_TASK TO CARRY OUT_.
Output the entire listing without altering anything.

_SUPPLIED INFORMATION_.
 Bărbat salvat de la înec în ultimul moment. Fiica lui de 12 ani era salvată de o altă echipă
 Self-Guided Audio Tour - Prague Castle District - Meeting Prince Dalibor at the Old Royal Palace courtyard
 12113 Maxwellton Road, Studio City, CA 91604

_RESULT OF THIS TASK_.
 Bărbat salvat de la înec în ultimul moment. Fiica lui de 12 ani era salvată de o altă echipă
 Self-Guided Audio Tour - Prague Castle District - Meeting Prince Dalibor at the Old Royal Palace courtyard
 12113 Maxwellton Road, Studio City, CA 91604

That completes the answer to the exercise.